### DATASET CONTENT

● ● ● ● ● ● ●

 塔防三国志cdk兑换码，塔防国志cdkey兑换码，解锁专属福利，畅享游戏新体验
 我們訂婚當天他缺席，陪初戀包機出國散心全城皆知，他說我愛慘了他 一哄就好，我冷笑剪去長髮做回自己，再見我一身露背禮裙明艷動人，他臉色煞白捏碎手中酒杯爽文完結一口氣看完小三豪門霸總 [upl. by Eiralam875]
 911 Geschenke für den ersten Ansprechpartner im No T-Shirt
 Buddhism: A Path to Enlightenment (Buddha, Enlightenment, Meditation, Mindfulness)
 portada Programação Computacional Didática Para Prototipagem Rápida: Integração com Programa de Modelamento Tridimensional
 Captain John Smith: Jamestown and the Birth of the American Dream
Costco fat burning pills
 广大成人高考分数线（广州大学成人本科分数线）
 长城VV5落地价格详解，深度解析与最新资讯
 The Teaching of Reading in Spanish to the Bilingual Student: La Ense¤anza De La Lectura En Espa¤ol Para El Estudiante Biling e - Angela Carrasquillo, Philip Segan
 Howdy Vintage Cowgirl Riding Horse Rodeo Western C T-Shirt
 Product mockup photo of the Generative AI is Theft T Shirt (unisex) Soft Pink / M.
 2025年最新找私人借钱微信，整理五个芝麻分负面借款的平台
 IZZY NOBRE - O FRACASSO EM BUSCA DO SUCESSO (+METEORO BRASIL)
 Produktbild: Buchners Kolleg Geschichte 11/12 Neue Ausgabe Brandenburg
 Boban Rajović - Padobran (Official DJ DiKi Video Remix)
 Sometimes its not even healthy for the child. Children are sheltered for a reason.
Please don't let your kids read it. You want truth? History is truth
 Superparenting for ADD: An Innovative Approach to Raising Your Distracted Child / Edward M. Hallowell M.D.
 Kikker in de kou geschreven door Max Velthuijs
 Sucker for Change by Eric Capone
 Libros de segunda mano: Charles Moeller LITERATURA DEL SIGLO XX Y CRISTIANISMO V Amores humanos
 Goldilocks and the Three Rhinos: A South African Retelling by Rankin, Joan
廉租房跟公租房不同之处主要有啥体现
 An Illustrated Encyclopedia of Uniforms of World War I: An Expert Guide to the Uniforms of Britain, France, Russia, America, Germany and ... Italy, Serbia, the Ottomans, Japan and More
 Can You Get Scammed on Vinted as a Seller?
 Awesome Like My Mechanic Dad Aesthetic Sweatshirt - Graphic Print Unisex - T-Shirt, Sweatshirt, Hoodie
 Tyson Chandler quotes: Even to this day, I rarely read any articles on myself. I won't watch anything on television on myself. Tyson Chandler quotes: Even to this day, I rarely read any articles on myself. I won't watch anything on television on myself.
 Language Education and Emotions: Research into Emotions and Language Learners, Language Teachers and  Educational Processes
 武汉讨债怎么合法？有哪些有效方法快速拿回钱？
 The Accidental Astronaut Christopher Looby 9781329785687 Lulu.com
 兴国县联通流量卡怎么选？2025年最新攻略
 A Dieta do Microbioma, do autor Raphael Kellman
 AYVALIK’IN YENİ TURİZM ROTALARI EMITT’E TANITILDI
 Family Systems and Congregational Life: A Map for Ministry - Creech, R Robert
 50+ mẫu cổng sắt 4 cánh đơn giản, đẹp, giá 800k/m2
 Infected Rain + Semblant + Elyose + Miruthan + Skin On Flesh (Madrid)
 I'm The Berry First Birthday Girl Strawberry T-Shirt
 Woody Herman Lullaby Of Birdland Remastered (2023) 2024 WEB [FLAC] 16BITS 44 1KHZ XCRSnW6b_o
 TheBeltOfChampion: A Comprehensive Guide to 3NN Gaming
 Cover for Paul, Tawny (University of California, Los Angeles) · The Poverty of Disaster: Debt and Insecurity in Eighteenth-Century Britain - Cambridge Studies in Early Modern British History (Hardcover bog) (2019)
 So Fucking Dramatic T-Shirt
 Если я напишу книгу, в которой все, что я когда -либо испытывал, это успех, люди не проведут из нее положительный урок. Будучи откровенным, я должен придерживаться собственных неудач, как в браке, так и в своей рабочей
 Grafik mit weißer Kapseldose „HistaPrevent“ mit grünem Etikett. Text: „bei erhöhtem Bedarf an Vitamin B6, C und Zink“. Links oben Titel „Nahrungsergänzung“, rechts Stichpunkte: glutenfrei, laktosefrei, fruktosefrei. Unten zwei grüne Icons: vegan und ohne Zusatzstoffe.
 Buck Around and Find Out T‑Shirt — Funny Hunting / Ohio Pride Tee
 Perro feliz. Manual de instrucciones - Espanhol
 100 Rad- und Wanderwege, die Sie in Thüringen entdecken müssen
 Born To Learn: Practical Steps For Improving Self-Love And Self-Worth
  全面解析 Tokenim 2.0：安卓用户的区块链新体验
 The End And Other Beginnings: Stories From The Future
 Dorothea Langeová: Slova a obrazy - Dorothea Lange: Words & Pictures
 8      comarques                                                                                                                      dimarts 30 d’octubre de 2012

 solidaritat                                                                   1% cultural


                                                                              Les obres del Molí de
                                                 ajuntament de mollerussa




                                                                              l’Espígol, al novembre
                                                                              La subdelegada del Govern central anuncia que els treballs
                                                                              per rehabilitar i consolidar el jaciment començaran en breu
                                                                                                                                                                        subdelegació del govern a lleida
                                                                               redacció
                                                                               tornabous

● ● ● ● ● ● ●

### TO DO
In the records above, the line with "Libros de segunda" marks the start and the line with "Awesome Like My" marks the end; copy that stretch exactly, both lines included, and nothing else.

### ANSWER TO THIS EXERCISE
 Libros de segunda mano: Charles Moeller LITERATURA DEL SIGLO XX Y CRISTIANISMO V Amores humanos
 Goldilocks and the Three Rhinos: A South African Retelling by Rankin, Joan
廉租房跟公租房不同之处主要有啥体现
 An Illustrated Encyclopedia of Uniforms of World War I: An Expert Guide to the Uniforms of Britain, France, Russia, America, Germany and ... Italy, Serbia, the Ottomans, Japan and More
 Can You Get Scammed on Vinted as a Seller?
 Awesome Like My Mechanic Dad Aesthetic Sweatshirt - Graphic Print Unisex - T-Shirt, Sweatshirt, Hoodie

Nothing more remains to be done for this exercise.